Top of DATA RECORDS

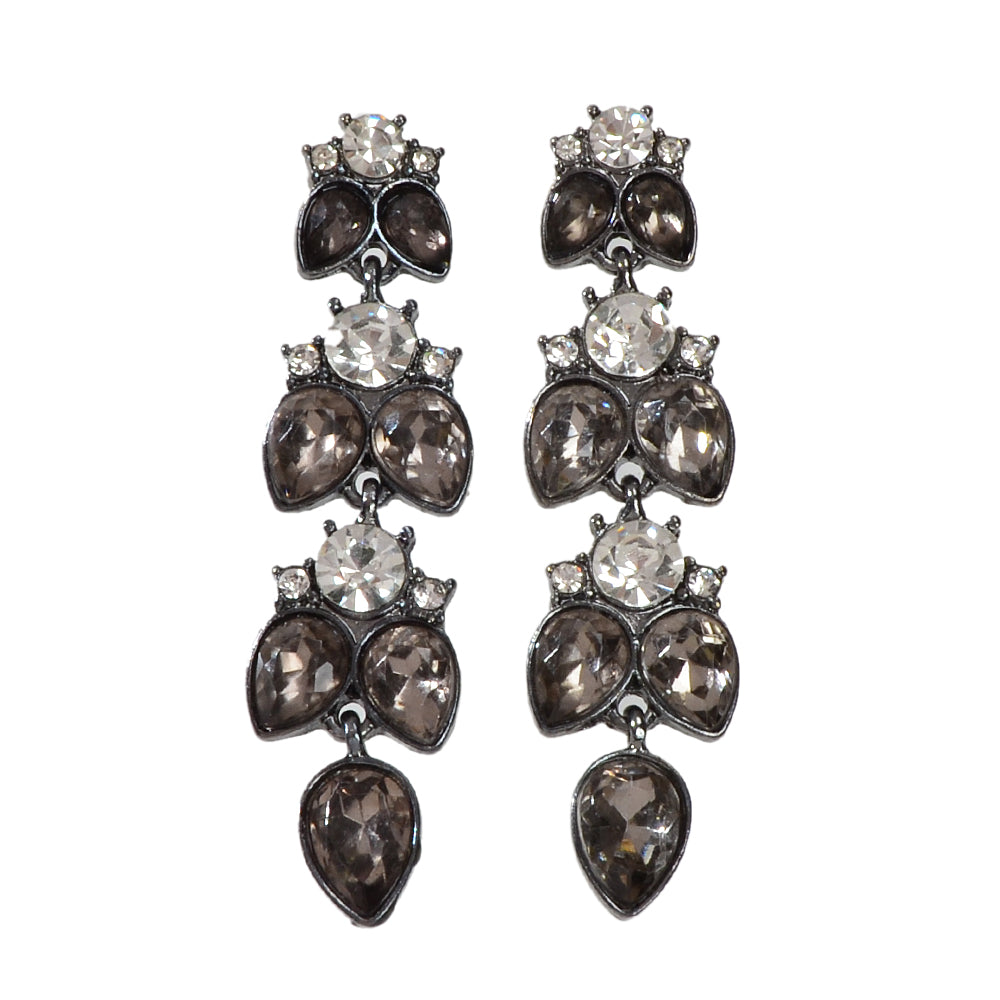 Textured Luxurious Shining Crystal Zircon Flower Water Drop Party Earrings Gift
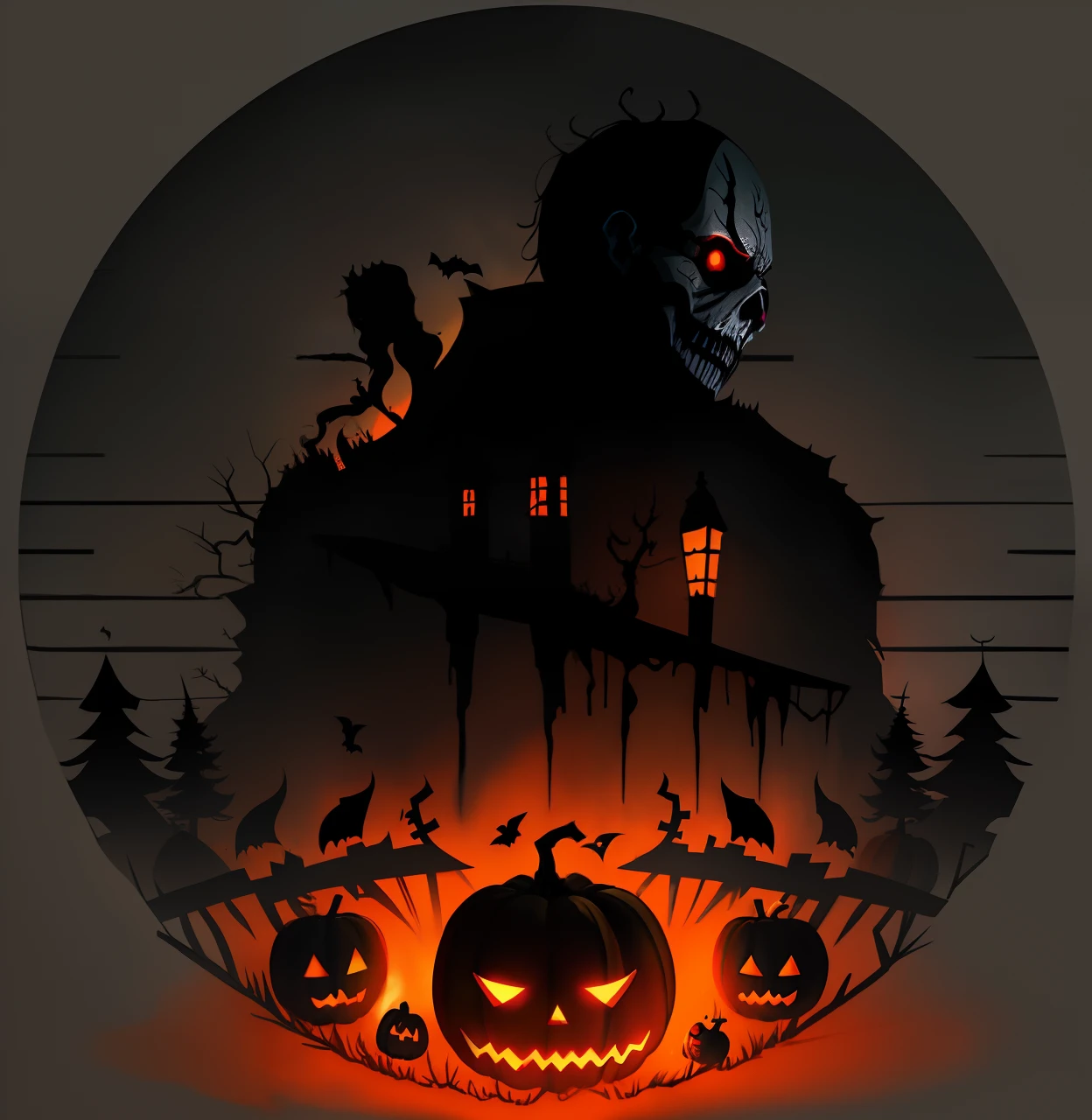 Image of a spooky Halloween scene with a house and pumpkins, estilo de arte de halloween, criaturas assustadoras no fundo, haunted house themed, arte detalhada assustadora em cores, scary magical background, noite assustadora, horror illustration, arte de terror elegante, nightmarish illustration, cena de halloween, tema halloween, assustador e escuro, atmosfera assustadora e assustadora, Noite de Halloween, Atmosfera de Halloween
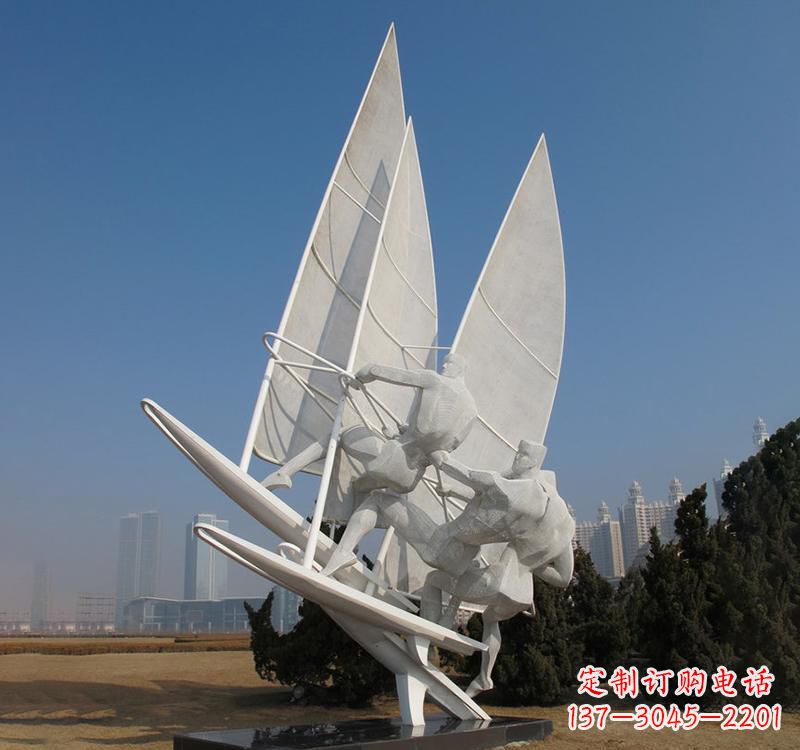广西不锈钢大型帆船雕塑海洋精神的象征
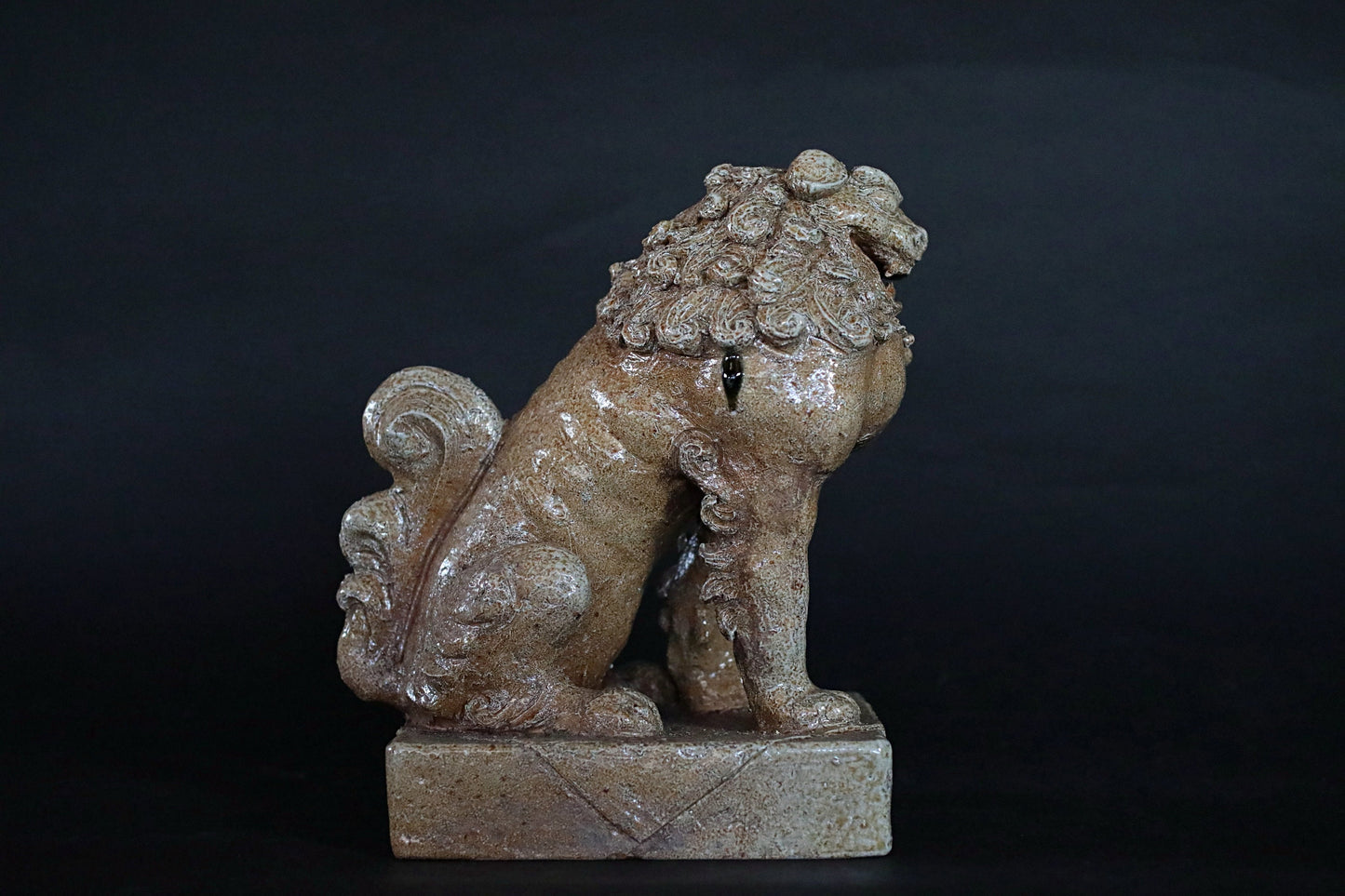 Vintage Komainu Statue – Japanese Guardian Lion Ceramic Sculpture, Antique Temple Art
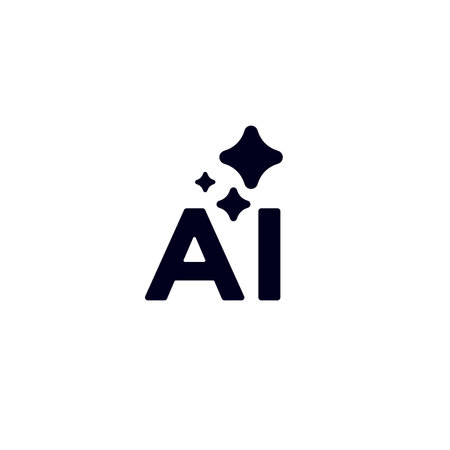 Ai logo features sparkling stars, symbolizing technological innovation and artificial intelligence power.のイラスト素材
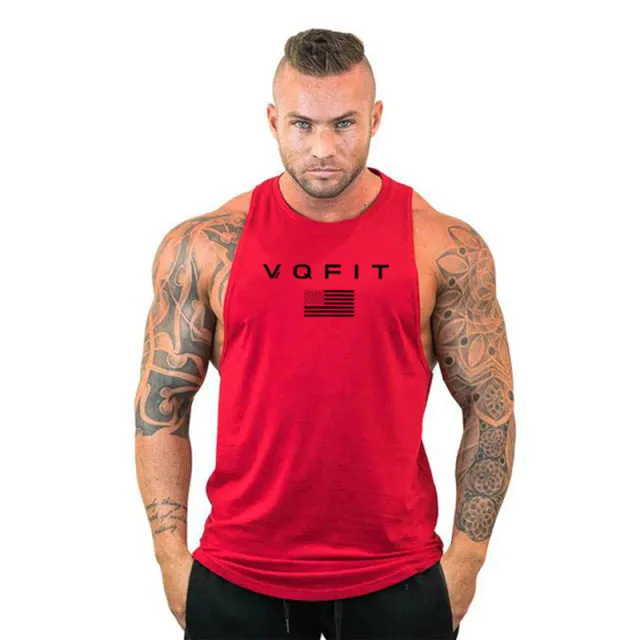 Mens tank tops shirt gym tank top fitness clothing sleeveless cotton man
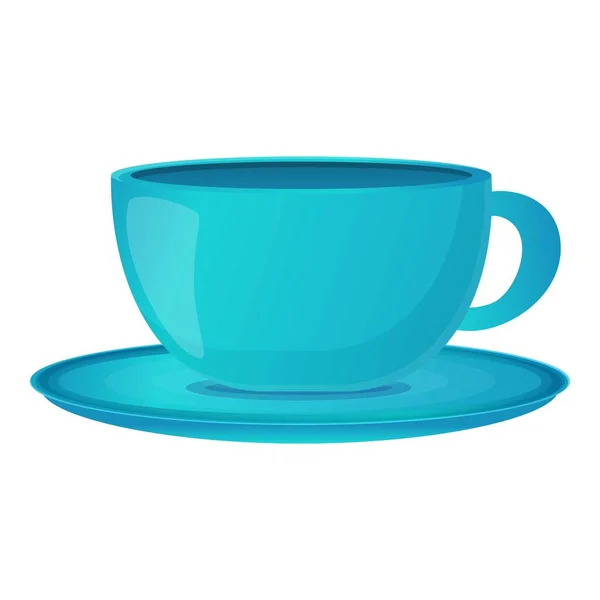 Taza de té con icono de plato, estilo de dibujos animados — Vector de stock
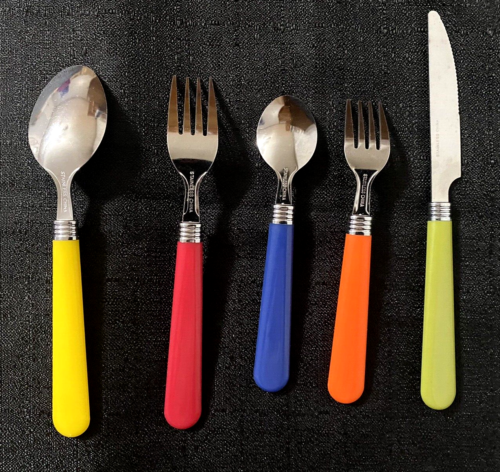 5 Stück Multicolor Kunststoff & Edelstahl Besteck Gedeck - Bild 2 von 7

Bottom of DATA RECORDS

**DESCRIPTION OF THE TASK**
Output only the lines above from the one containing "Vintage Komainu Statue" to the one containing "Taza de té con", both included, exactly as written and with no pictures.

**SOLUTION TO THIS PROBLEM**
 Vintage Komainu Statue – Japanese Guardian Lion Ceramic Sculpture, Antique Temple Art
 Ai logo features sparkling stars, symbolizing technological innovation and artificial intelligence power.のイラスト素材
 Mens tank tops shirt gym tank top fitness clothing sleeveless cotton man
 Taza de té con icono de plato, estilo de dibujos animados — Vector de stock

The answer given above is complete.